Very good suggestions for a natural approach to helping a friend.


about 4 years ago, said...

The people that I need to help me with my grieving are my four sisters. Our sweet Mom passed last Dec-2011 and our brother on Feb-2012. Inbetween five first cousins passed away. They don't talk about our Mom unless I bring it up, they tell me, I know how you feel or tell me that she's in a better place. I don't have a problem knowing that. She lived with my hubby and I for nine yrs and I miss her very much. Praying helps me. God gives me strength and hope to do one day at a time. I have detached from my sisters to a degree. One doesn't have much patience, the youngest. The older one detached a long time ago, she was angry and bitter with her family. I email with another older one and we call each other. We are the closest to each other. The other one, younger than me lives out of town, too and never talks about Mom either. I'm used to it. I talk about her, go to a support group sometimes and cry at least once a day and feel better. My hubby is a huge support system, thank God!!! God bless all of you whose loved ones have passed (or any type of grieving). May he grant you strength and courage to do one day at a time. Thank you. Mary


about 4 years ago, said...

That is SO true, Kevin. Whenever my sons share a memory of my dad (their grandfather) it warms my heart. See, for example, The Power of Remembering: My Grandfather's Pipe, http://j.mp/KPIfZF


about 4 years ago, said...

Even ten years after the death of my mother, I see a little smile from my 88 year old dad when I ask him about the love of his life. When I asked him to tell me about the place he honeymooned it was if I was there more than 50 years ago. I sometimes joke with him - "Margaret wouldn't approve of that." #3 on the list is very important and seems to bring a lot of joy to the bereaved.


about 4 years ago, said...

It's very true and I'm glad people read it.

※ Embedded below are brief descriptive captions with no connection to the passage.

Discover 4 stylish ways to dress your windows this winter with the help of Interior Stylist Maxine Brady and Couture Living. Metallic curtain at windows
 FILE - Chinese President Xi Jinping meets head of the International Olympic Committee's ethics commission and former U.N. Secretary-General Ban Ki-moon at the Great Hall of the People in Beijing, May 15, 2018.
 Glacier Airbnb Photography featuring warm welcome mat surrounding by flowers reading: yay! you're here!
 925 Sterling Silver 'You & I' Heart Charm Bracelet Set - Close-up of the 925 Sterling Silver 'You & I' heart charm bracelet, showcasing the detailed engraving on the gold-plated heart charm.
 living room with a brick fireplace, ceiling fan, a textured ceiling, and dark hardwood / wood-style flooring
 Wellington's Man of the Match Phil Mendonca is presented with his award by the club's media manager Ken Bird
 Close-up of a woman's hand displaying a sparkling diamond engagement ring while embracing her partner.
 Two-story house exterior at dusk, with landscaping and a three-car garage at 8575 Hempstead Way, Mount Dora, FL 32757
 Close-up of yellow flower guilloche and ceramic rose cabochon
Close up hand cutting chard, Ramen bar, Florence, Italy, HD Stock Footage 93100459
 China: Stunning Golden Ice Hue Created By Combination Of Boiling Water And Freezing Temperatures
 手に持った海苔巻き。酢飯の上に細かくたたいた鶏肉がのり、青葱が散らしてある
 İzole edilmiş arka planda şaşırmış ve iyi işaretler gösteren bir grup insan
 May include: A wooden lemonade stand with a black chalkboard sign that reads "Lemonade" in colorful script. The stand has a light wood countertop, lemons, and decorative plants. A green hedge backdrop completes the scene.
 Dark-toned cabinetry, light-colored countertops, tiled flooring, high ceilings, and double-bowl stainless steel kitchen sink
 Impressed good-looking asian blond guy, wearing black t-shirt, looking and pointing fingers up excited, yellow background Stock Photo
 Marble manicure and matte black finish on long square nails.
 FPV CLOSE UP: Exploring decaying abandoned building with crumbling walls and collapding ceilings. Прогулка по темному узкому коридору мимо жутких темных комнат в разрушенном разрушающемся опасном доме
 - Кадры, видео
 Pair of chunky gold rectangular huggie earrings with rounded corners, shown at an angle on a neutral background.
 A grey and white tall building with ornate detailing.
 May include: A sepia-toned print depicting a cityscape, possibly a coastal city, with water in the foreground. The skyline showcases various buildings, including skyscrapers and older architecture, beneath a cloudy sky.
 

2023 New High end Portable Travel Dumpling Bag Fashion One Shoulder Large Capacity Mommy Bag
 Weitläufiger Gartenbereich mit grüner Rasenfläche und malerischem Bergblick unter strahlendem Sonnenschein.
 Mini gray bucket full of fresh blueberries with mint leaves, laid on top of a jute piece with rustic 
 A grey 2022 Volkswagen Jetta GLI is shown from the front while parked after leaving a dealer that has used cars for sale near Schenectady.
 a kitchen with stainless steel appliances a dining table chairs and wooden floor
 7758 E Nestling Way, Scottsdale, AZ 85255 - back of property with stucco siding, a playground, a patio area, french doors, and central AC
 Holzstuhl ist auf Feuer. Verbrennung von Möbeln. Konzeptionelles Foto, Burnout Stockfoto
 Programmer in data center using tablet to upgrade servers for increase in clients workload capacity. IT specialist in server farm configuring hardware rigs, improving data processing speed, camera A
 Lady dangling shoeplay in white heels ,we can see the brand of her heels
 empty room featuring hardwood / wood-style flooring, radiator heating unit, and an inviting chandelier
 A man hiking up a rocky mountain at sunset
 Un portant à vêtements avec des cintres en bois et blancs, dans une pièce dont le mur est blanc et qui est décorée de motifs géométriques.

about 4 years ago, said...

Thank you, Paula, for writing an article that is so spot on about how you can help someone who's going through the grieving process. I adore all your suggestions, especially #5, which most people don't tend to do, and #4, which so hits the nail on the head about how platitudes don't work. One other way you can help is continuing to keep in contact with that person throughout the grieving process. A simple phone call or e-mail once a week would really help that person and make them feel that they're not being ignored or that their grief doesn't render them a persona non grata. Then, when you've sensed that they're out of the mourning period (another mega useful hint: DON'T FORCE A TIME TABLE FOR THEIR MOURNING PERIOD; let them mourn at their own pace), start inviting them to things you guys would've normally done before they lost their loved one. That combined with your constant contact will let them know you haven't given up on them, which a lot of my so-called "friends" did when I lost my dad.